ABOUT THIS TASK: Scan the records below. Report the number of lines containing the word "Black", and nothing more.

Extracted records:
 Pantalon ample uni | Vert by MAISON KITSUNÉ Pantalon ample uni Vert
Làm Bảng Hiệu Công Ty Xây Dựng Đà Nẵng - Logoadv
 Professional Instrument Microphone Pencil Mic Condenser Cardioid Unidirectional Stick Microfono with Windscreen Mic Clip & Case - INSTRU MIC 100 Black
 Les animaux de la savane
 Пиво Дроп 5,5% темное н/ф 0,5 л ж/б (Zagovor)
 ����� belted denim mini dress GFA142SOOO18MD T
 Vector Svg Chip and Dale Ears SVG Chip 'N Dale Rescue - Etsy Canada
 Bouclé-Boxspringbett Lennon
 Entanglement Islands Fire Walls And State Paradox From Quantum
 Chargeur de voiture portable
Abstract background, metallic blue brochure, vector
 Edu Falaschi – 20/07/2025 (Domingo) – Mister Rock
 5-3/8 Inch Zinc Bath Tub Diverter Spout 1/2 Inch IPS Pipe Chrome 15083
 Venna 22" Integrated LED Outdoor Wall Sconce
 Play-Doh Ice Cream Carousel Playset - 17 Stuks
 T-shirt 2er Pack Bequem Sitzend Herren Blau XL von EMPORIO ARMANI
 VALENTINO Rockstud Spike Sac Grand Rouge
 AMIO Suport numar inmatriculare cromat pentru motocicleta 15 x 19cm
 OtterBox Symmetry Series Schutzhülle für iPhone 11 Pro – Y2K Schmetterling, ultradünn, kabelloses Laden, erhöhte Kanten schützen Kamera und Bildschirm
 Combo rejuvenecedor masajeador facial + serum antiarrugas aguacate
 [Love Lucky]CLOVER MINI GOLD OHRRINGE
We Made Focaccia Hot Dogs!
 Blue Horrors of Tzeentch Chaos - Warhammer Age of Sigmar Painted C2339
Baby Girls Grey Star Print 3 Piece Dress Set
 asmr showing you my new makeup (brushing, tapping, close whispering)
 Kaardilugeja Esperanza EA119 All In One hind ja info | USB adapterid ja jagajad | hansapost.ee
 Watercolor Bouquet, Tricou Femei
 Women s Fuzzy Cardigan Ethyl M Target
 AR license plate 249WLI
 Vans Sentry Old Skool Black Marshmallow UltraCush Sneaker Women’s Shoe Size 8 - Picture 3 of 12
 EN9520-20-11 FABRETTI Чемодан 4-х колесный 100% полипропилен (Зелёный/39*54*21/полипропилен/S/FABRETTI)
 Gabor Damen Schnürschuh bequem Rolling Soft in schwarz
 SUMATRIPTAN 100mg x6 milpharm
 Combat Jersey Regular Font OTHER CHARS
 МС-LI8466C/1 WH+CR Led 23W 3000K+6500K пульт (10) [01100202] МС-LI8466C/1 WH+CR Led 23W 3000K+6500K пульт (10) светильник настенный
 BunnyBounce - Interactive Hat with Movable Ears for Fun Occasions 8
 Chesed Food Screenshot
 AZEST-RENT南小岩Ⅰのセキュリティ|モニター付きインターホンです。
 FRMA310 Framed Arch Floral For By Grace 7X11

OUTPUT FOR THIS TASK: 2